Filebeat Version: 8.16.2
We have currently configured filebeat to read logs from a custom location and enrich it with kubernetes metadata
Repro:
- Create log files that would be pushed out
- Start filebeat (Start after log files already exists)
- Filebeat starts harvesting file and in parallel gets the kubernetes metadata and creates index for pod
- All the logs that are pushed out before API response is received results in data without metadata
In our ELK setup, we rely on Kubernetes metadata to redirect to appropriate pipeline, due to above issue we miss few log lines
Is there a way to delay sending event (not delay in harvesting, as that might result in missed logs if the log file is wiped out) until a tag is available, if not then send it as it is?

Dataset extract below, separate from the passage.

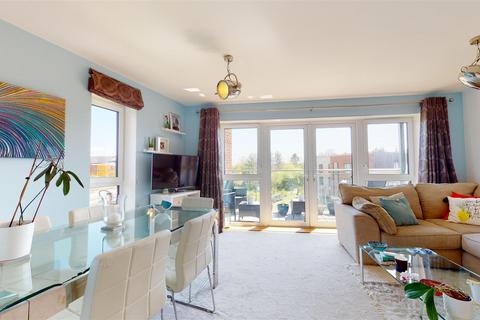 Flat 15, Bessemer Lodge, 15 Ada Walk, Oakgrove, Milton Keynes, MK10 9SW
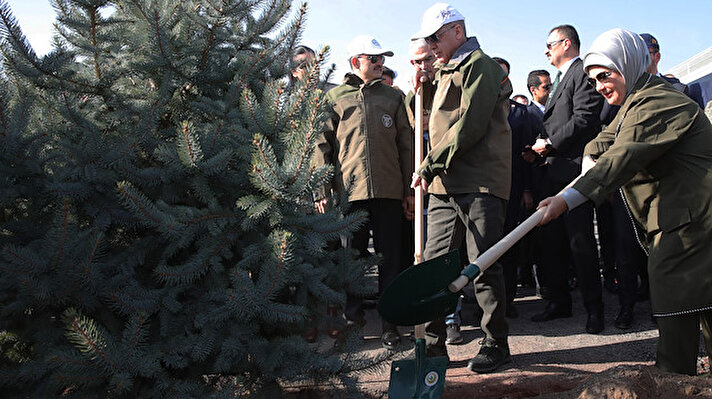 Cumhurbaşkanı Recep Tayyip Erdoğan, 81 ilde eş zamanlı gerçekleştirilen "11 Milyon Ağaç; Bugün Fidan, Yarın Nefes" kampanyası kapsamında Ankara'nın Yenimahalle ilçesindeki Batıkent Çakırlar mevkisinde düzenlenen programa katıldı.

This would always be the case, when a new POD is created and the filebeat does not yet cache metadata, it will send without enriching the event due to race condition
filebeat.yml
filebeat.inputs:
- type: filestream
enabled: true
id: logs
paths:
- /var/log/app_logs/*/*.json # Custom log path
parsers:
- ndjson: # Parse JSON logs
target: "" # Merge JSON fields into the root
add_error_key: true # Add an error field if parsing fails
symlinks: true # Follow symlinks to log files
processors:
- add_kubernetes_metadata:
host: ${NODE_NAME} # Use the Kubernetes node name
default_indexers.enabled: false # Disable default indexers
default_matchers.enabled: false # Disable default matchers
indexers:
- ip_port: {} # Use the IP:port indexer
matchers:
- fields:
# Match logs based on the server IP field
lookup_fields: ["serverIP"]
# Output to Logstash
output.logstash:
hosts: ["logstash:5050"]
logging.level: debug # Enable debug logging for troubleshooting
logging.selectors: ["add_kubernetes_metadata", "kubernetes"]